The redemptive grace is everywhere but made available to any who implore with
faith in spirit and truth as our Lord revealed to the Samaritan woman. He is
present even more so when the faithful gather and pray in spirit and truth in
the liturgical celebrations. The prophecy of Ezekiel confirms this
understanding of the outflowing of the grace of God from the sanctuary to the
people. “The water flowed from under the right side of the Temple, south of the
alter. He took me out by the north gate and led me right round outside as far
as the outer east gate where the water flowed out on the right-hand side. He
said, ‘This water flows east down to the Arabah and to the sea, and flowing
into the sea it makes its waters wholesome.” The grace of God flowing from the
Word and Sacraments into us, individually and collectively, making our
thoughts, words, and actions wholesome. The graces we receive from our
liturgical celebrations in the church purify and enable us to bear heavenly
fruits and minister salvation, or Jesus Christ, to others. Hence, the feast
celebrates God’s presence for our sanctification and salvation. Thus, the
Psalmist testifies: “God is for us a refuge and strength, a helper close at
hand, in time of distress, so we shall not fear though the earth should rock,
though the mountains fall into the depths of the sea.”

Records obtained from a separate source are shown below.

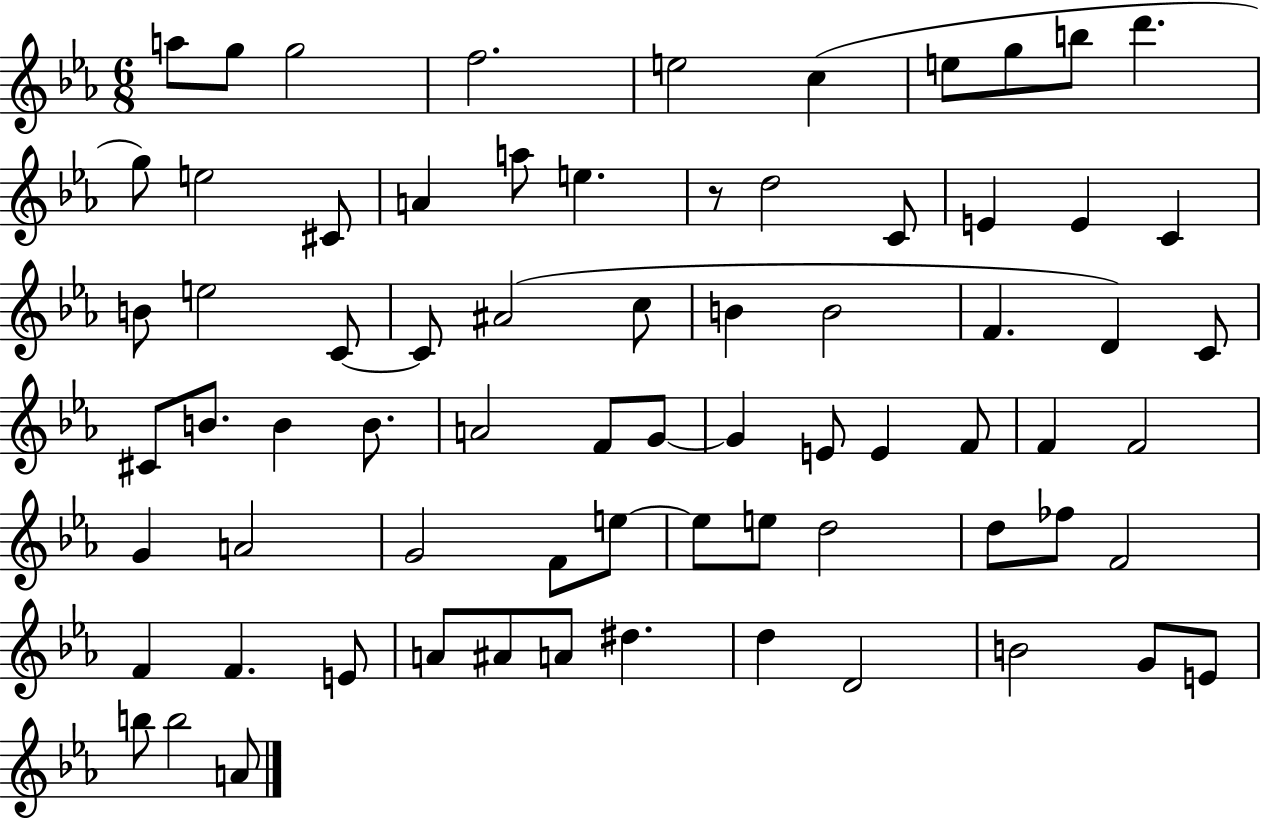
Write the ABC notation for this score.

X:1
T:Untitled
M:6/8
L:1/4
K:Eb
a/2 g/2 g2 f2 e2 c e/2 g/2 b/2 d' g/2 e2 ^C/2 A a/2 e z/2 d2 C/2 E E C B/2 e2 C/2 C/2 ^A2 c/2 B B2 F D C/2 ^C/2 B/2 B B/2 A2 F/2 G/2 G E/2 E F/2 F F2 G A2 G2 F/2 e/2 e/2 e/2 d2 d/2 _f/2 F2 F F E/2 A/2 ^A/2 A/2 ^d d D2 B2 G/2 E/2 b/2 b2 A/2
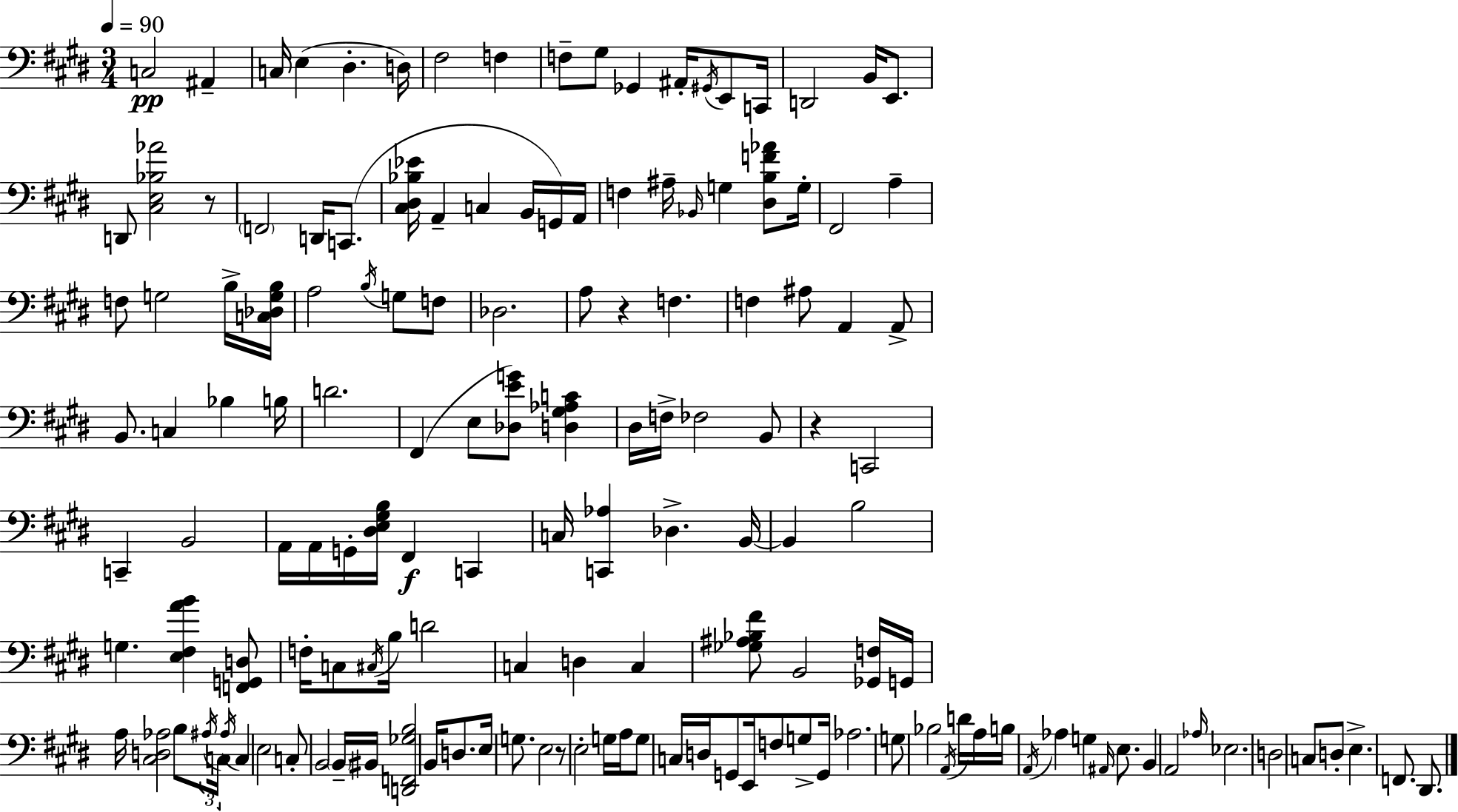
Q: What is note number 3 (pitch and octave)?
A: C3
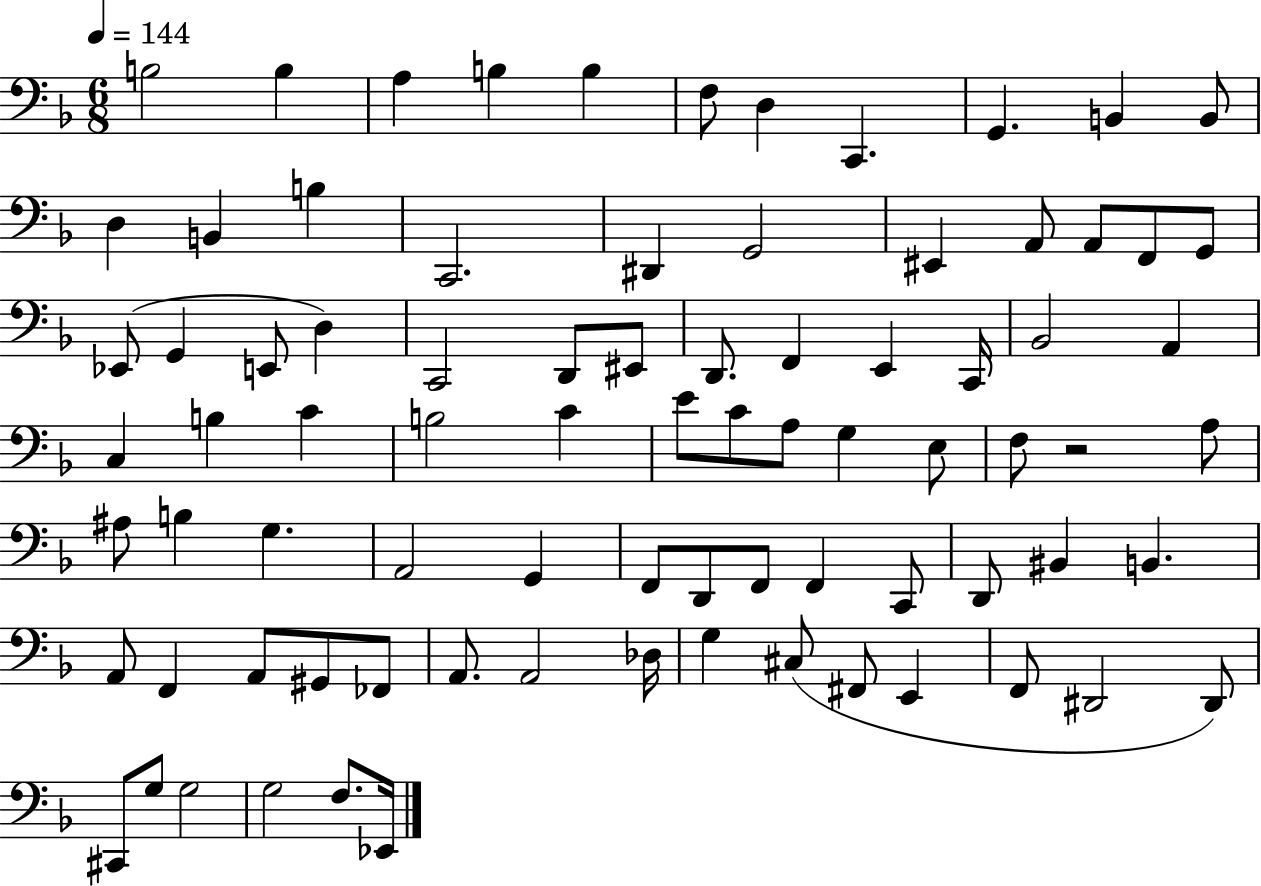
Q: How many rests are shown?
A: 1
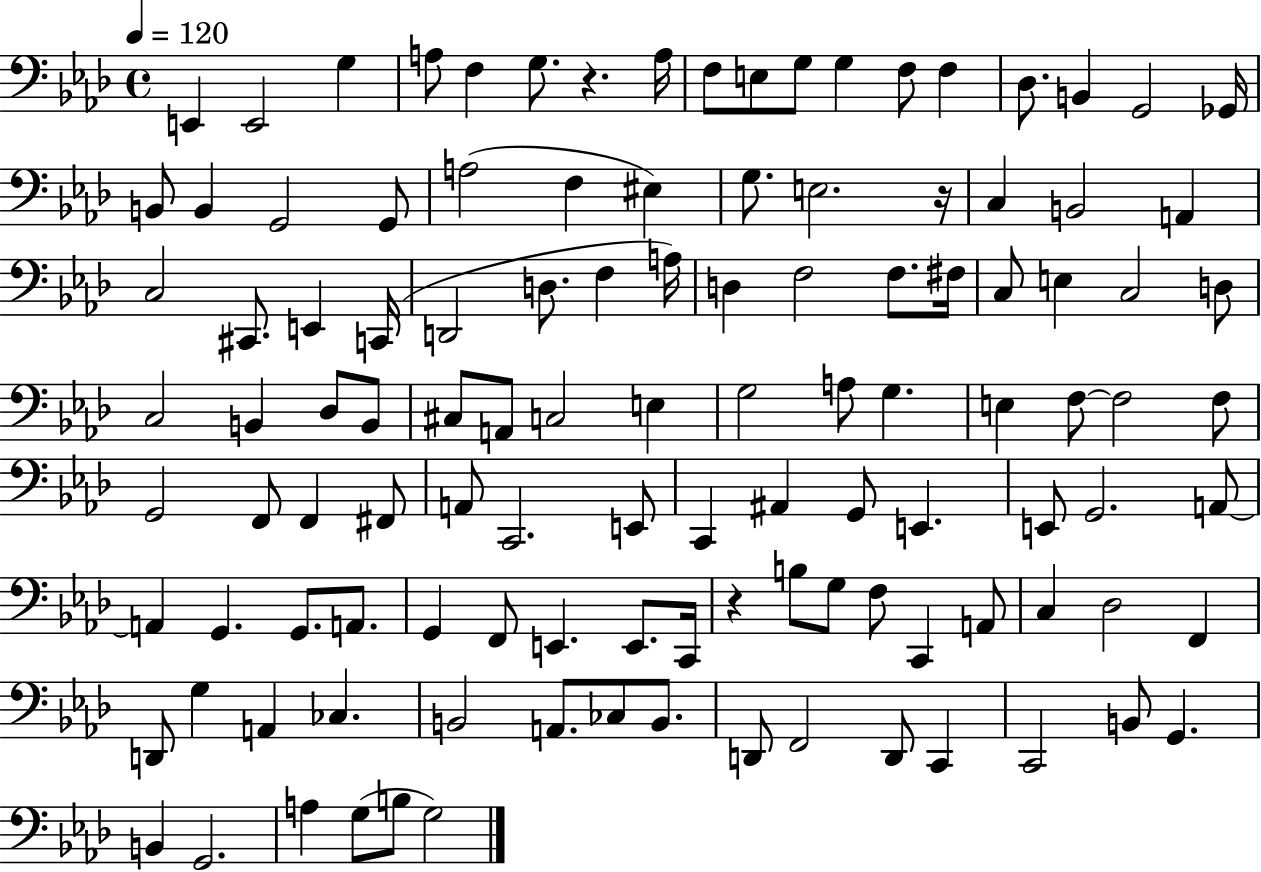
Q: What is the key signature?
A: AES major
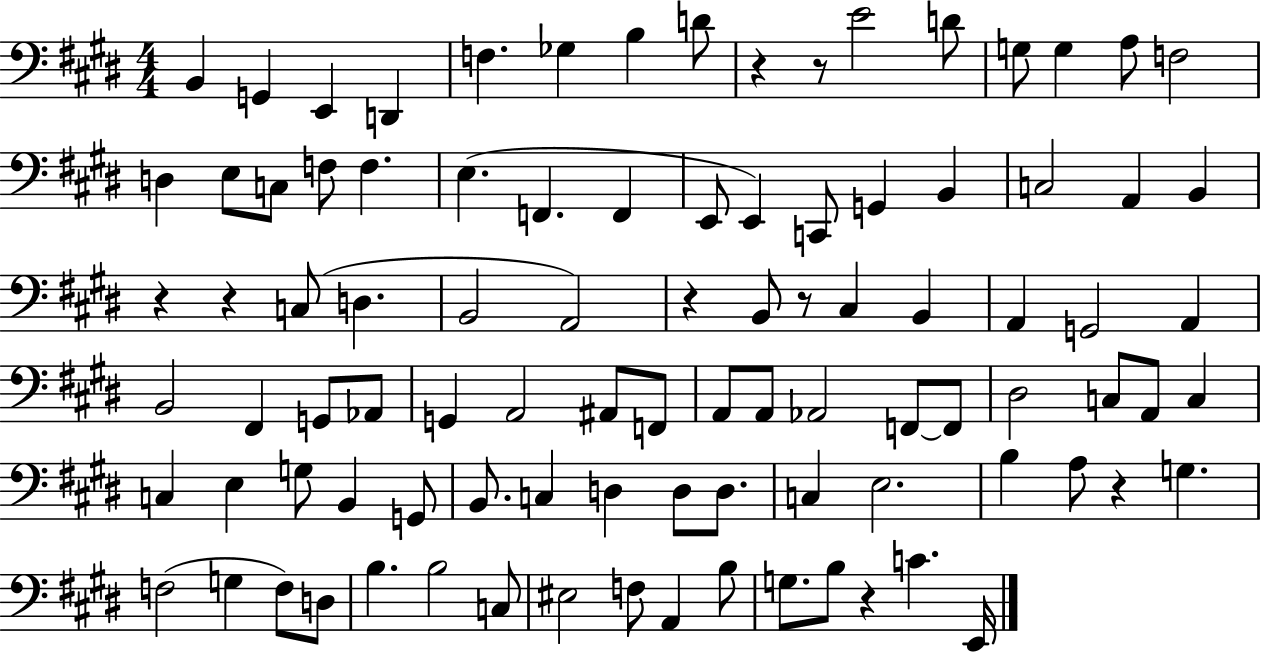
X:1
T:Untitled
M:4/4
L:1/4
K:E
B,, G,, E,, D,, F, _G, B, D/2 z z/2 E2 D/2 G,/2 G, A,/2 F,2 D, E,/2 C,/2 F,/2 F, E, F,, F,, E,,/2 E,, C,,/2 G,, B,, C,2 A,, B,, z z C,/2 D, B,,2 A,,2 z B,,/2 z/2 ^C, B,, A,, G,,2 A,, B,,2 ^F,, G,,/2 _A,,/2 G,, A,,2 ^A,,/2 F,,/2 A,,/2 A,,/2 _A,,2 F,,/2 F,,/2 ^D,2 C,/2 A,,/2 C, C, E, G,/2 B,, G,,/2 B,,/2 C, D, D,/2 D,/2 C, E,2 B, A,/2 z G, F,2 G, F,/2 D,/2 B, B,2 C,/2 ^E,2 F,/2 A,, B,/2 G,/2 B,/2 z C E,,/4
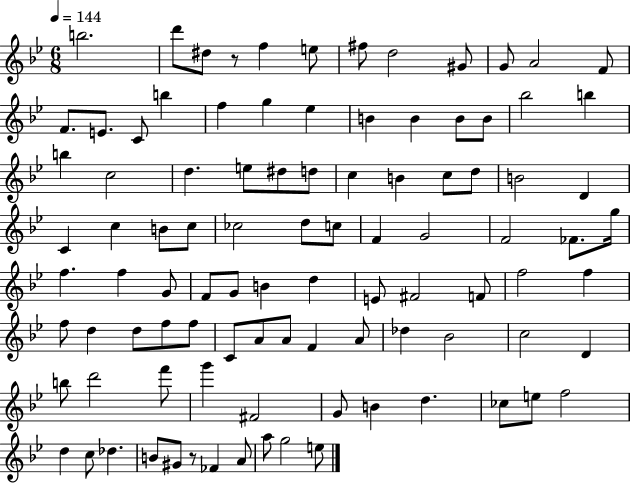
B5/h. D6/e D#5/e R/e F5/q E5/e F#5/e D5/h G#4/e G4/e A4/h F4/e F4/e. E4/e. C4/e B5/q F5/q G5/q Eb5/q B4/q B4/q B4/e B4/e Bb5/h B5/q B5/q C5/h D5/q. E5/e D#5/e D5/e C5/q B4/q C5/e D5/e B4/h D4/q C4/q C5/q B4/e C5/e CES5/h D5/e C5/e F4/q G4/h F4/h FES4/e. G5/s F5/q. F5/q G4/e F4/e G4/e B4/q D5/q E4/e F#4/h F4/e F5/h F5/q F5/e D5/q D5/e F5/e F5/e C4/e A4/e A4/e F4/q A4/e Db5/q Bb4/h C5/h D4/q B5/e D6/h F6/e G6/q F#4/h G4/e B4/q D5/q. CES5/e E5/e F5/h D5/q C5/e Db5/q. B4/e G#4/e R/e FES4/q A4/e A5/e G5/h E5/e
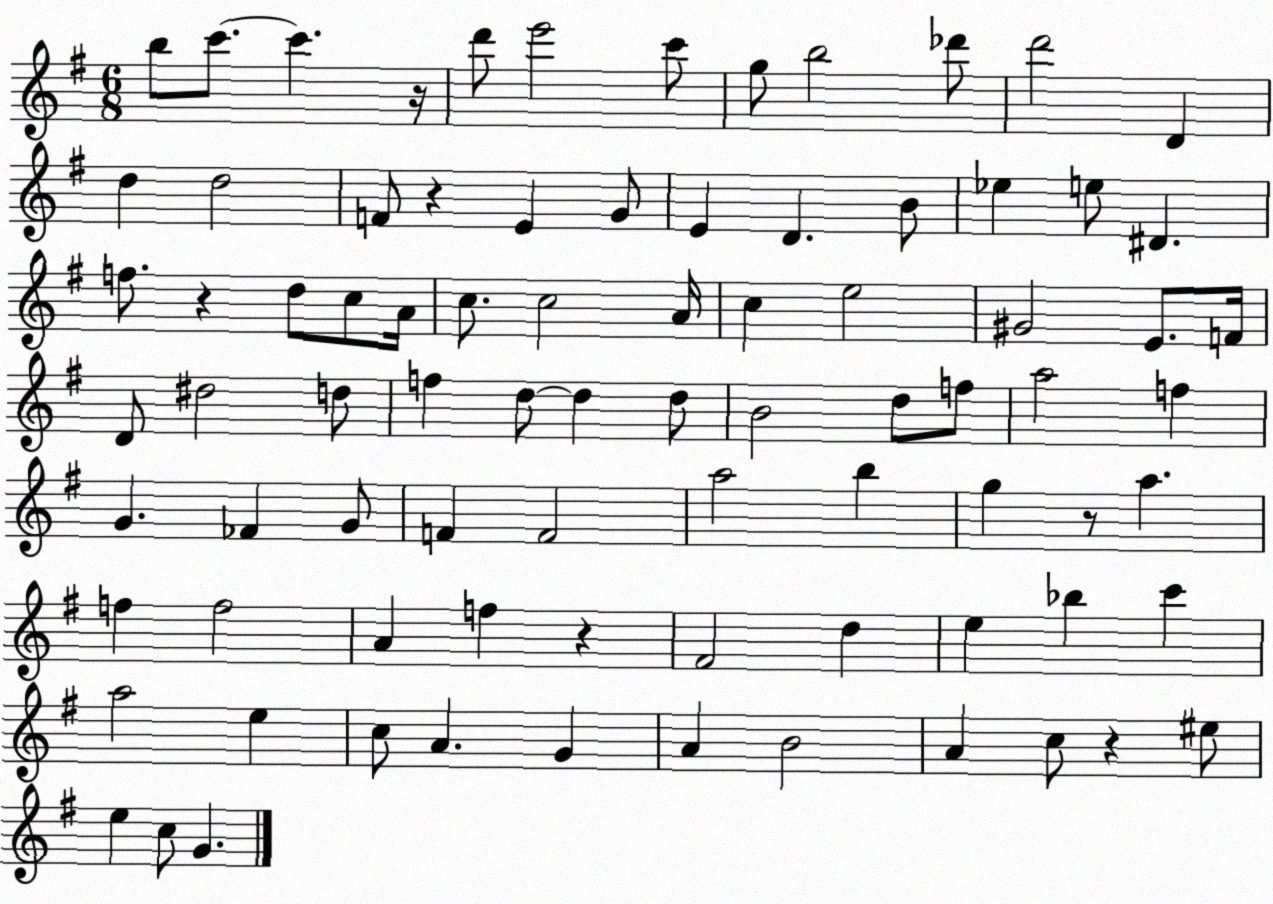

The action of Jesus Christ at the Temple in Jerusalem confirms our explanation of the purpose of the physical church. The Temple is a sacrament of God’s dwelling among his people; the sacrament of the mystical Body of Jesus Christ. It is also a sacrament of the individual Christian called to be a dwelling place of God. These shades of the sacramental nature of the physical church are visible in the encounter at the Temple in Jerusalem. When he drove out the traders in the Temple, the Jews wanted to understand why he did so. “Jesus answered, ‘Destroy this sanctuary, and in three days I will raise it up.’ … But he was speaking of the sanctuary that was his body, and when Jesus rose from the dead, his disciples remembered that he had said this, and they believed the scripture and the words he had said.” Our Lord referred to his own body, thereby using the Temple and his sacred body interchangeably in the mystery-ladened interaction between him and the Jews. Another important teaching from the interaction is that God builds his Church, not man. From the sacred body of our Lord Jesus Christ, his mystical body that is the Church, the individual members of the Church constituting his body, to the physical building, these are God works, we are only instruments in the hand of God. The Lord passed this truth to the Jews when he said: ‘Destroy this sanctuary, and in three days I will raise it up.’ There is nothing holy which God has not constructed. What belongs to us, in our sinfulness, is destruction only God constructs a holy house.
Let us pray: O God, who from living and chosen stones prepare an eternal dwelling for your majesty, increase in your Church the spirit of grace you have bestowed, so that by new growth your faithful people may build up the heavenly Jerusalem. Through our Lord Jesus Christ, your Son, who lives and reigns with you in the unity of the Holy Spirit, God, for ever and ever.